YOUR TASK
Return the line containing "Pokémon Legends: Z-A" together with every later line up to the end of the records, exactly and with no pictures; return nothing else.

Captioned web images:
=-=-=

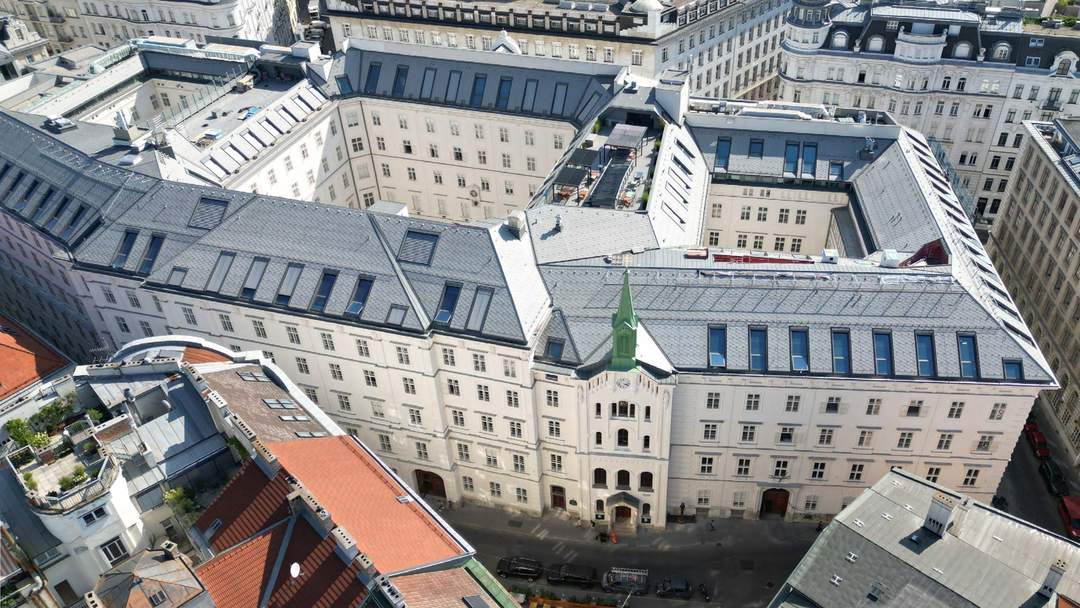 POSTHÖFE - Einzigartige Residenz im Gebäudeensemble - Fitnessclub im Haus - Nahe Stephansdom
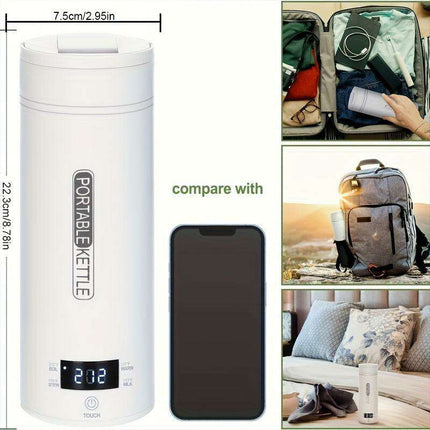 Travel-Friendly 500ml Electric Water Boiler- Très Elite- Très Elite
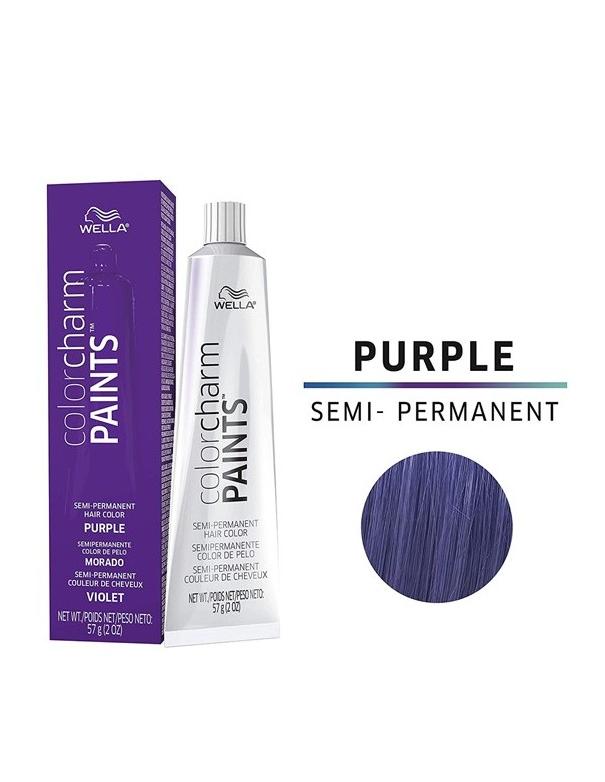 Peintures WELLA colorcharm violettes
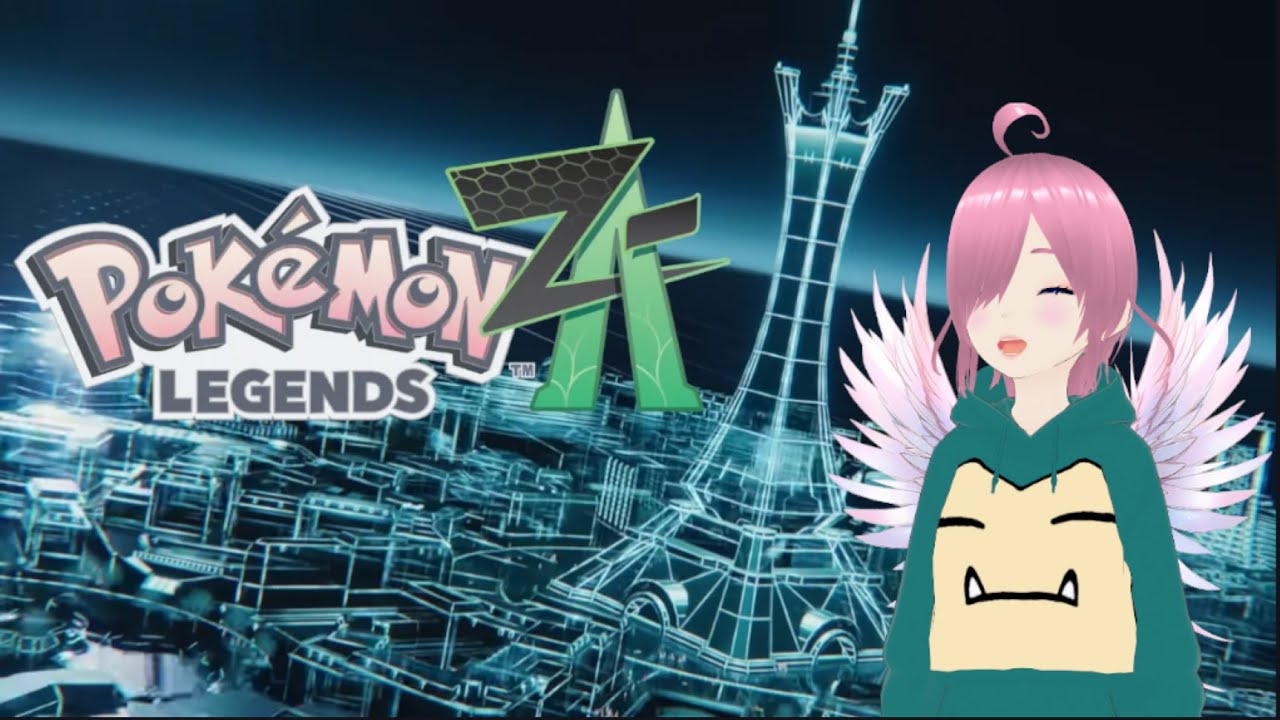 Pokémon Legends: Z-A  Part 7 #pokemon #pokemonlegendsza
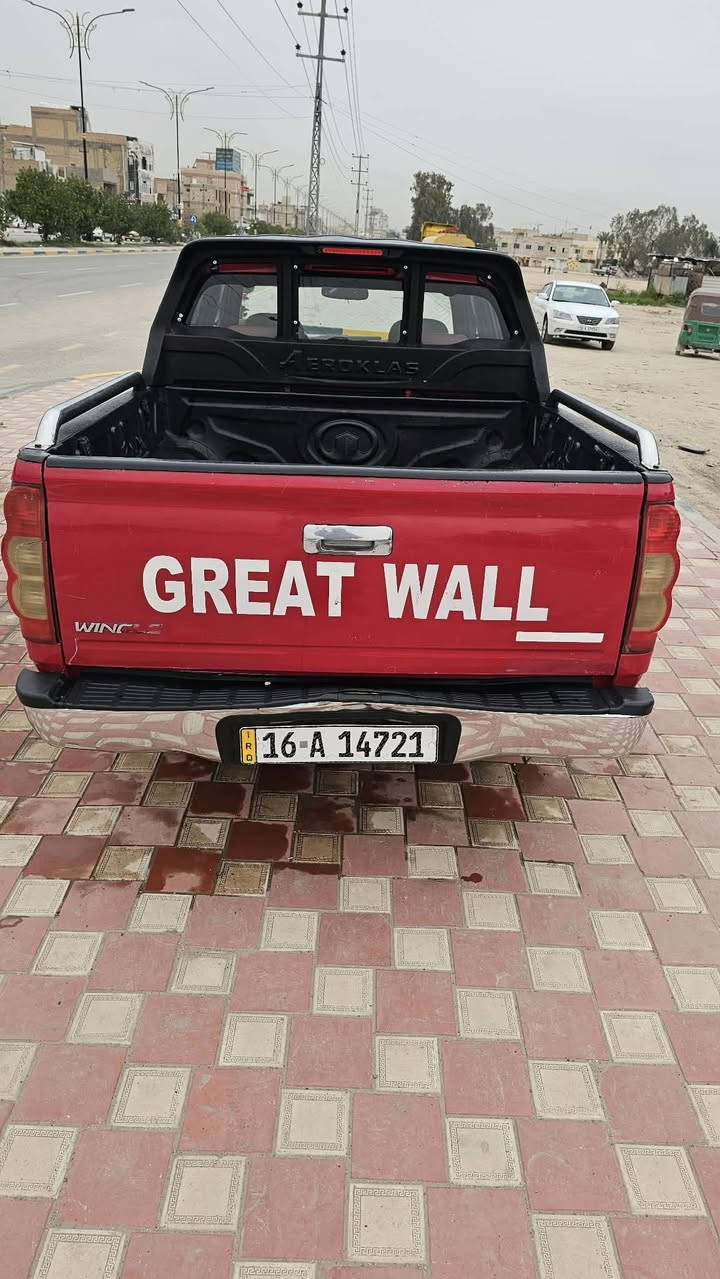 السلام عليكم بيكم كريت ويل موديل 2013 رقم قادسيه انگليزي مشروع وطني بأي مرور تداور مكينه وكير وحداديه وتخم تاير و كهربائيات مكفولات سياره جاهزه كل نقص مابيها مكفوله عن الضربه والصبغ سياره جديده برغي ما عايزه السعر72  رقم الهاتف *********** مكاني كربلاء اخوان مكلف بالنشر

=-=-=

RESULT OF THE EXERCISE
 Pokémon Legends: Z-A  Part 7 #pokemon #pokemonlegendsza
 السلام عليكم بيكم كريت ويل موديل 2013 رقم قادسيه انگليزي مشروع وطني بأي مرور تداور مكينه وكير وحداديه وتخم تاير و كهربائيات مكفولات سياره جاهزه كل نقص مابيها مكفوله عن الضربه والصبغ سياره جديده برغي ما عايزه السعر72  رقم الهاتف *********** مكاني كربلاء اخوان مكلف بالنشر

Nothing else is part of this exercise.